#### RECORDS FOR THE EXERCISE
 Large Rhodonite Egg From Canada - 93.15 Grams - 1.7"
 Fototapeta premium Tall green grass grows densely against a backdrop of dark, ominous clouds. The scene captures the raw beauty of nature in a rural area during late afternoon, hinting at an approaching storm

==

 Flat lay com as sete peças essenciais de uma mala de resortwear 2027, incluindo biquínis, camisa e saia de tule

#### DIRECTIONS FOR THIS TASK
From the records above, print exactly the lines that run from the line with "Large Rhodonite Egg" to the line with "Fototapeta premium Tall", inclusive.

#### COMPLETED EXERCISE
 Large Rhodonite Egg From Canada - 93.15 Grams - 1.7"
 Fototapeta premium Tall green grass grows densely against a backdrop of dark, ominous clouds. The scene captures the raw beauty of nature in a rural area during late afternoon, hinting at an approaching storm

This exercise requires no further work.